Jeff is one of those unusual guys who can do anything with his hands, and he had come over to assess a troubled washing machine. He has constructed from scratch over the last few years his attractive homestead on the adjoining property. He drove over in a Tracker he had assembled from three vehicles.
Our lively conversation ranged widely. Among the many topics were the conflict in the Middle East and Jeff’s experience in the Gulf War, suppressed archeological finds, biblical prophecy, and Japanese auto engineering. We were pleased to learn that he disapproves of “doctor-enhanced women.”
We were also pleased to learn that he loves fruitcake. He used to take it hunting in Wisconsin. We agreed that its high caloric content would make it great survival rations. We may make up a big batch and bury it here and there, just in case.

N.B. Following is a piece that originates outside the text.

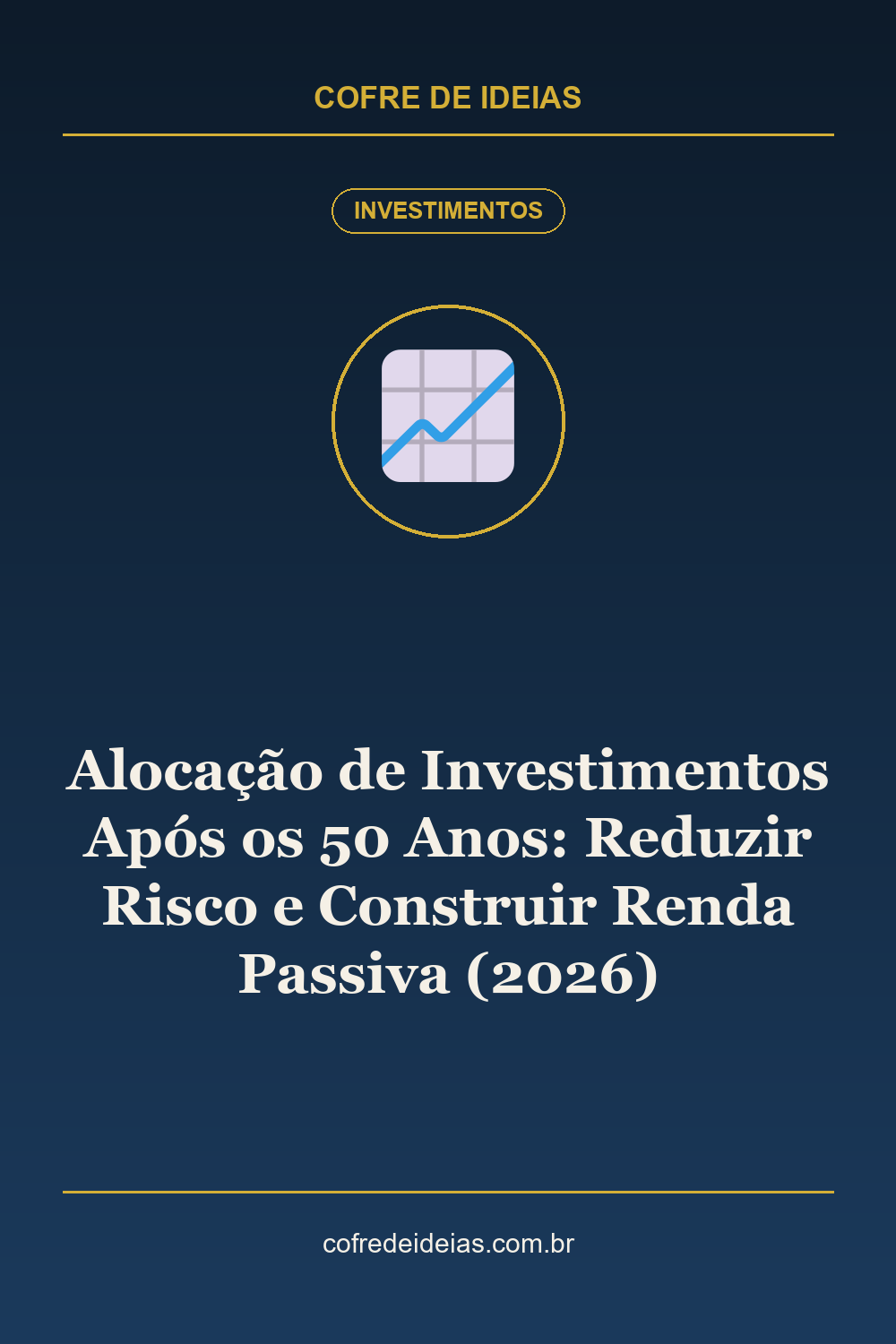 Alocação de Investimentos Após os 50 Anos: Reduzir Risco e Construir Renda Passiva (2026) - Pin Pinterest Cofre de Ideias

I was chopping fruit and nuts while we talked, and Kate was making batter. We really enjoyed the visit, which made the time pass quickly. When Jeff left, however, we still had hours of work before us. The making of this fruit cake is a major project, and I gathered details this year, knowing that I would write about it.
Our recipe has brandy and molasses in it as well as the usual spices, nuts, and candied fruit. I bought dates, pecans, raisins, and currants at the store, but this year Kate ordered the fruit (red and green cherries, pineapple, and citron) by mail. The citron was shipped from Italy, and the rest came from a farm in Wapakoneta, Ohio. It was all fresher than usual, so the cake should be especially good.
Once everything has been chopped and the batter finished, we combine it in a big pot. Wearing new rubber gloves, I plunged in to mix the 23 pounds of dough by hand. Then it has to rest in the refrigerator overnight. The activities of the first day, including clean-up, took five hours; and so did the baking of 18 loaves today. The cost of the ingredients comes to about $100.
So our Black Fruit Cake is rich on many different levels. It is, for one thing, hands down the best fruit cake I’ve ever eaten. And if food is enhanced by the pleasure that goes into its creation, this cake must be nourishing in ways hard to imagine. It is imbedded with the experience of our fine time with Jeff and of the view of flocks of robins and mountain bluebirds visiting Kate’s pond. It has also been enriched by the sisters’ memories and the usual sharing of new knowledge as we visit. And it is a testament to a familial appetite for work. I cannot imagine buying a lesser version, ever, at the store. Maybe it’s the store-bought version that has given fruit cake a bad name. Black Fruit Cake would be a revelation.